--- Listed entries Enclosed Below ---

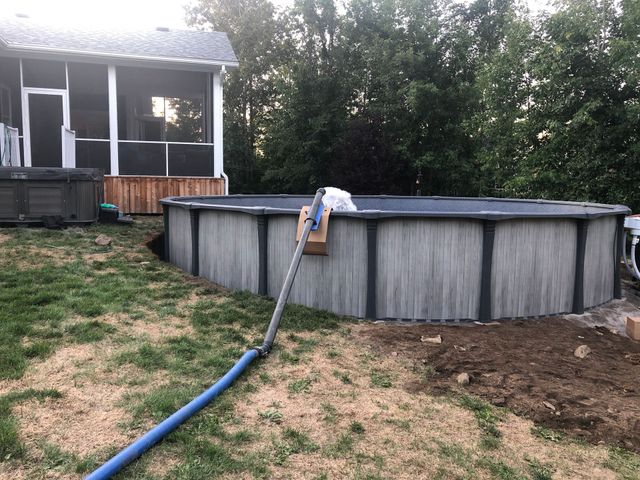 A gray, circular above-ground pool sits in a grassy yard next to a screened porch, with a blue drainage hose attached.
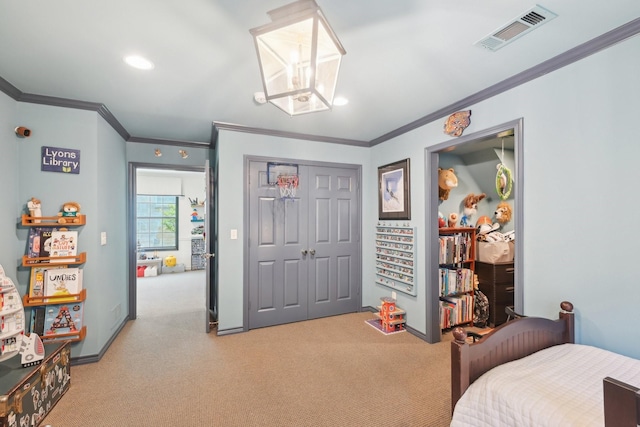 bedroom featuring crown molding, a closet, visible vents, and carpet floors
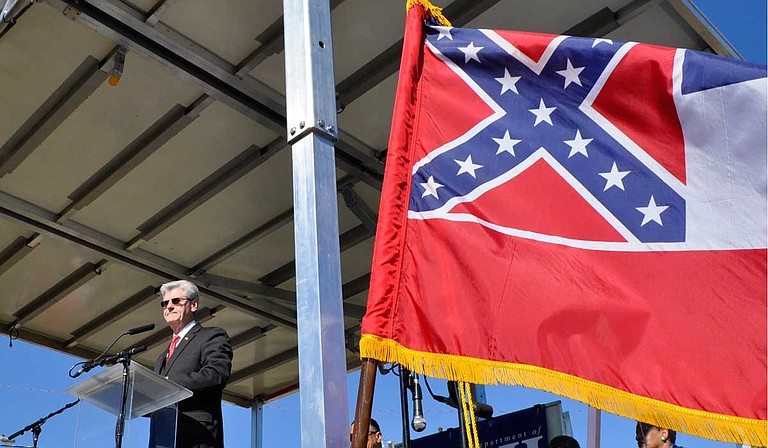 Gov. Phil Bryant spoke at the groundbreaking of Mississippi's Civil Rights Museum in 2013, joined by Myrlie Evers-Williams, who was the wife of slain civil-rights activist Medgar Evers. On March 14, 2019, he credited Mississippi's two white Republican U.S. senators for a law declaring the Evers' home a national monument, but did not credit Rep. Bennie Thompson, a black Democrat who pushed for the law for 16 years. File Photo by Trip Burns
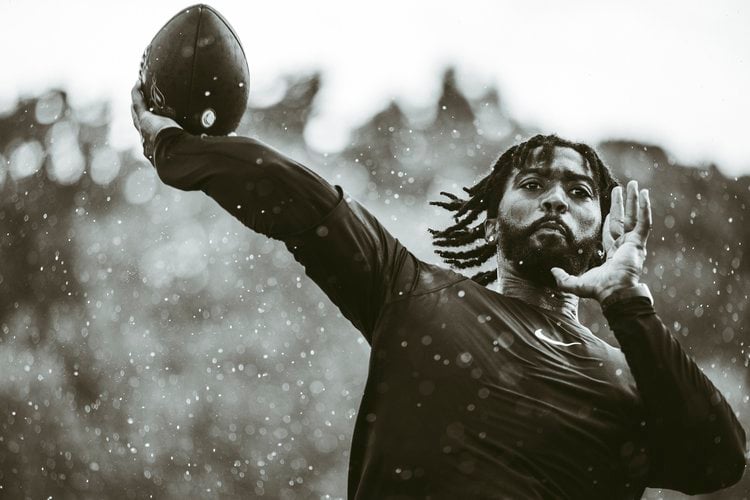 Footballer throwing ball by Chicago sports photographer Bryce France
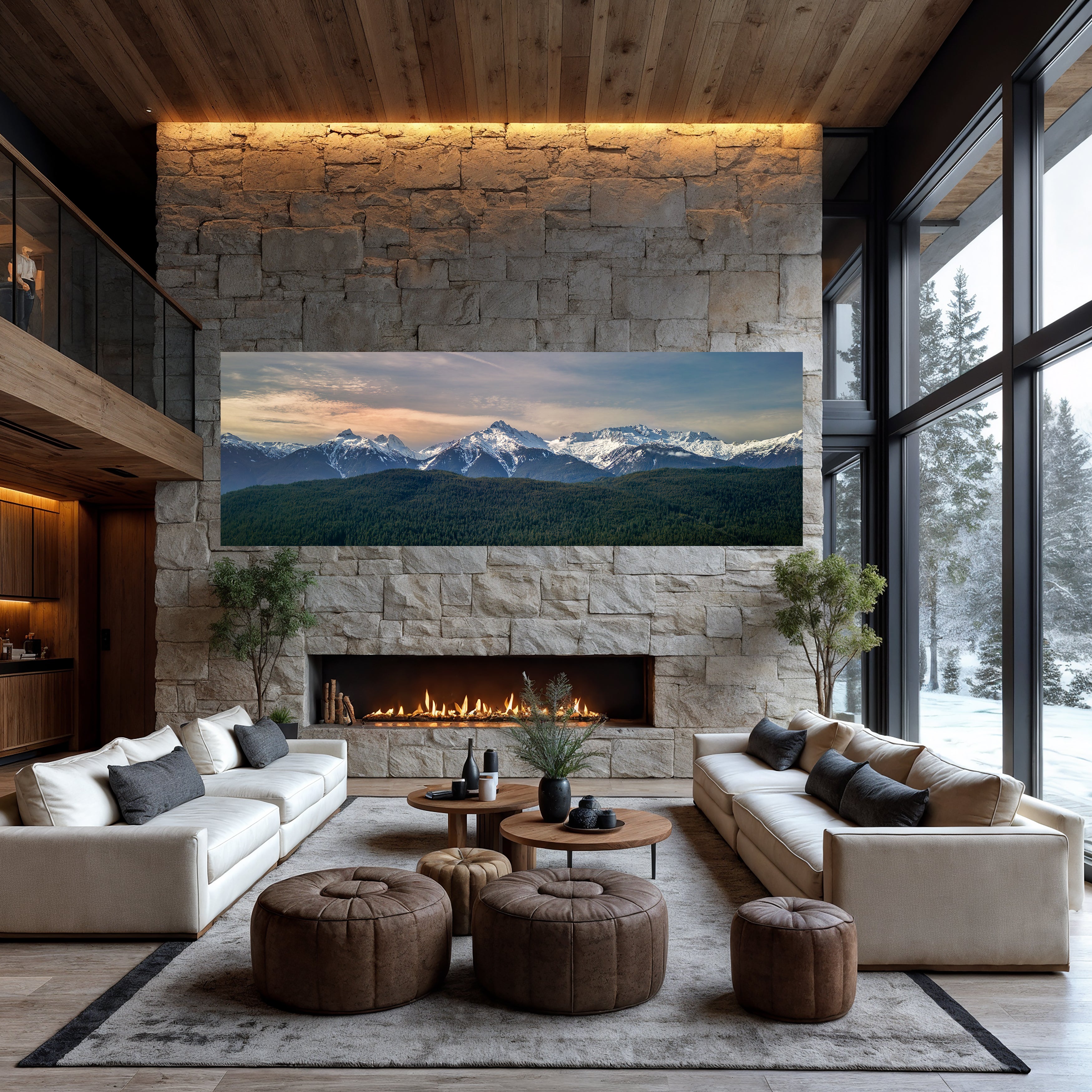 Stillness Ascending panoramic mountain photograph displayed above a stone fireplace in a contemporary lodge with snowy forest views.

--- End of Enclosed Listed entries ---

* _Exercise details_
Once the pictures are set aside, what is needed is the lines from the line with "Footballer throwing ball" through the end of the data, written out exactly and alone.

* _Result of this exercise_
 Footballer throwing ball by Chicago sports photographer Bryce France
 Stillness Ascending panoramic mountain photograph displayed above a stone fireplace in a contemporary lodge with snowy forest views.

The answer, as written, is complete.